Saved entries
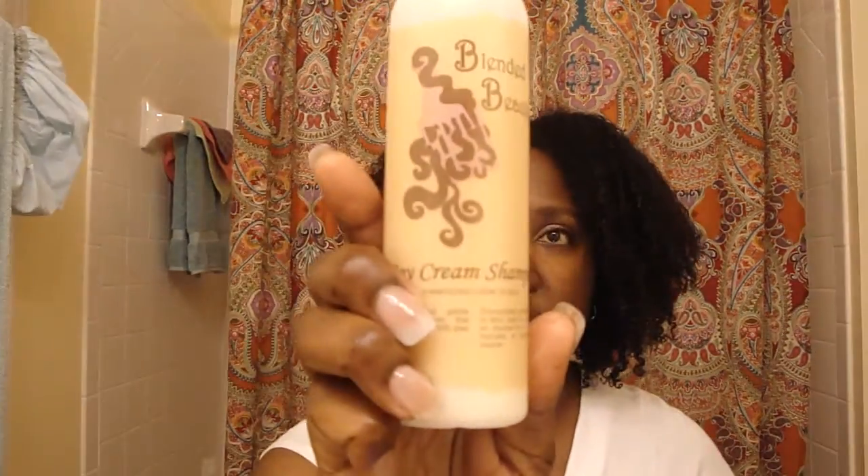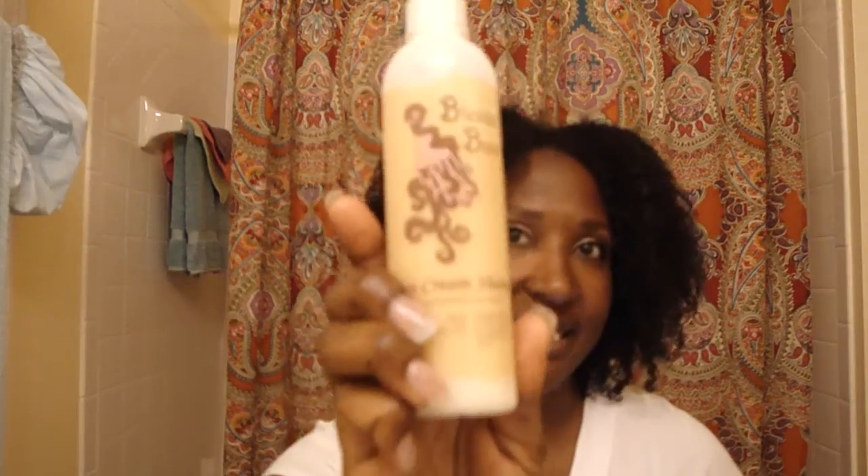Hey you guys, it's Tonya. How's your day going? I hope it's going really good. Mine's going pretty good, I can't complain. Today I'm doing a product review for the Soy Cream Shampoo by Blended Beauty. You can purchase this online at www.blendedbeauty.com, but you can also purchase this at various retail locations across the country.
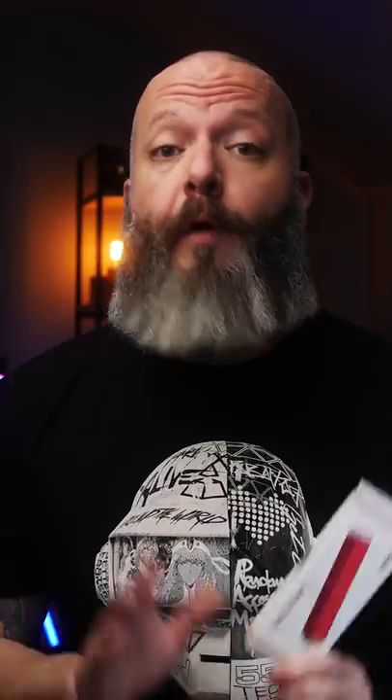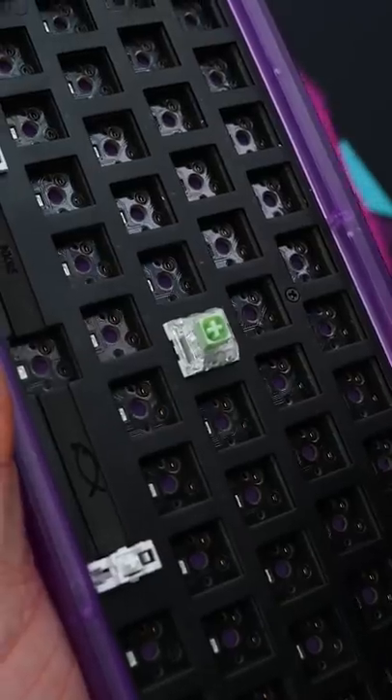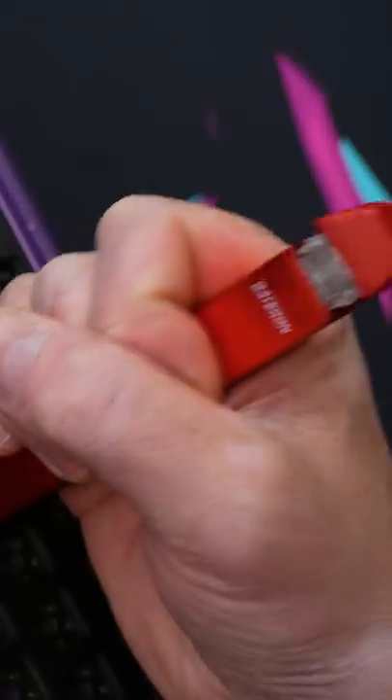Over the past two weeks, mine has worked flawlessly — I've put probably 800 to a thousand switches through this thing. Today I'm wrapping up another keyboard video, I start trying to pull switches out of a board, and the thing literally falls apart in my hand.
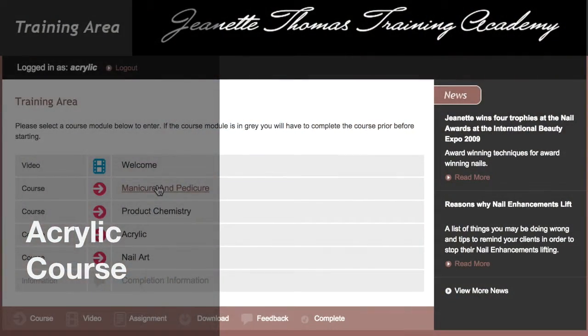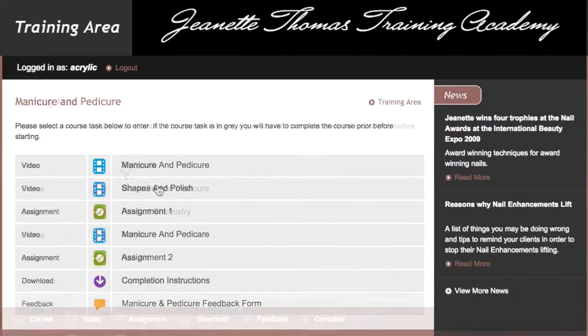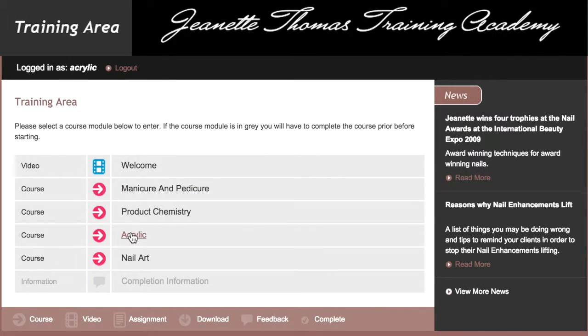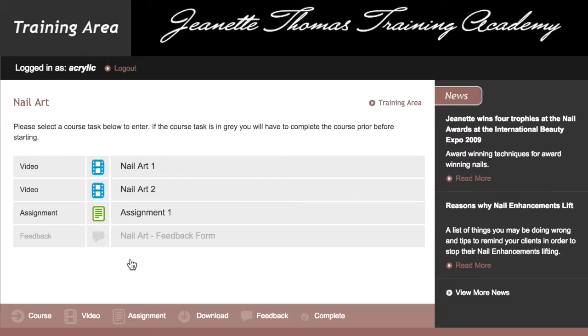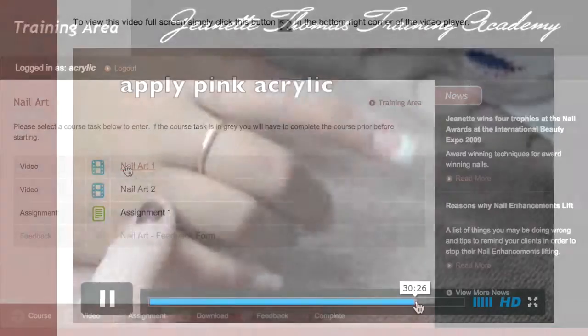The acrylic nail enhancement course covers the practical and theory of manicures and pedicures, acrylic, soak off gel polish, electric filing and nail art, and does not include full sets of gel nail enhancements.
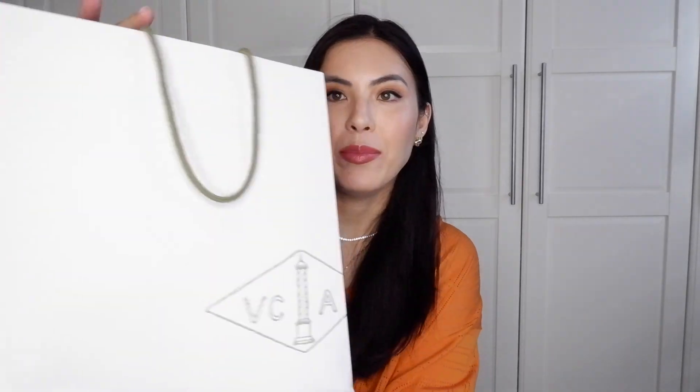Here is the bag from Van Cleef! My sales associate was so generous and gave me some chocolates. Whenever I go there they have the best coffee and the best chocolate. He really knows that I love their chocolate with the coffee, so this time he gave me two chocolate boxes. I love them so much! And there's also the Van Cleef care booklet.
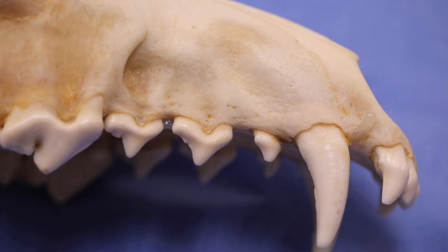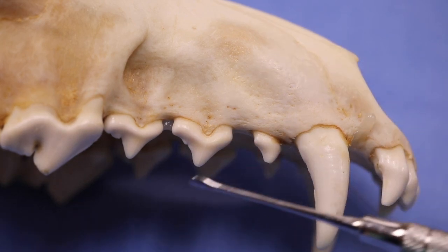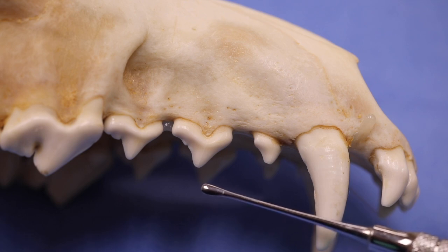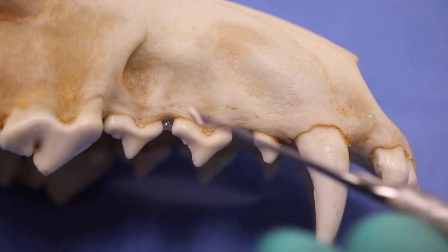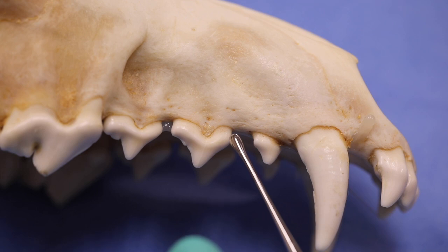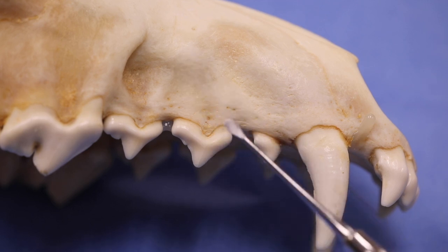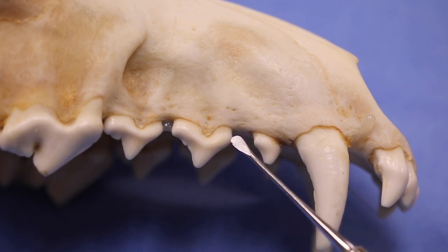A couple of important points when using a periosteal elevator. Your periosteal elevators have a double-ended function — one smaller end, one larger end. This is the small end of the feline periosteal elevator, and this is how it's positioned on the patient, with the chrome-like finish toward you. Looking at it from the other side, this is more of a milled look, and that is the side that actually goes toward the patient.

**Exercise objective**: Omit all images when repeating the data above exactly.

**Answer to this exercise**:
Hey you guys, it's Tonya. How's your day going? I hope it's going really good. Mine's going pretty good, I can't complain. Today I'm doing a product review for the Soy Cream Shampoo by Blended Beauty. You can purchase this online at www.blendedbeauty.com, but you can also purchase this at various retail locations across the country.
Over the past two weeks, mine has worked flawlessly — I've put probably 800 to a thousand switches through this thing. Today I'm wrapping up another keyboard video, I start trying to pull switches out of a board, and the thing literally falls apart in my hand.
The acrylic nail enhancement course covers the practical and theory of manicures and pedicures, acrylic, soak off gel polish, electric filing and nail art, and does not include full sets of gel nail enhancements.
Here is the bag from Van Cleef! My sales associate was so generous and gave me some chocolates. Whenever I go there they have the best coffee and the best chocolate. He really knows that I love their chocolate with the coffee, so this time he gave me two chocolate boxes. I love them so much! And there's also the Van Cleef care booklet.
A couple of important points when using a periosteal elevator. Your periosteal elevators have a double-ended function — one smaller end, one larger end. This is the small end of the feline periosteal elevator, and this is how it's positioned on the patient, with the chrome-like finish toward you. Looking at it from the other side, this is more of a milled look, and that is the side that actually goes toward the patient.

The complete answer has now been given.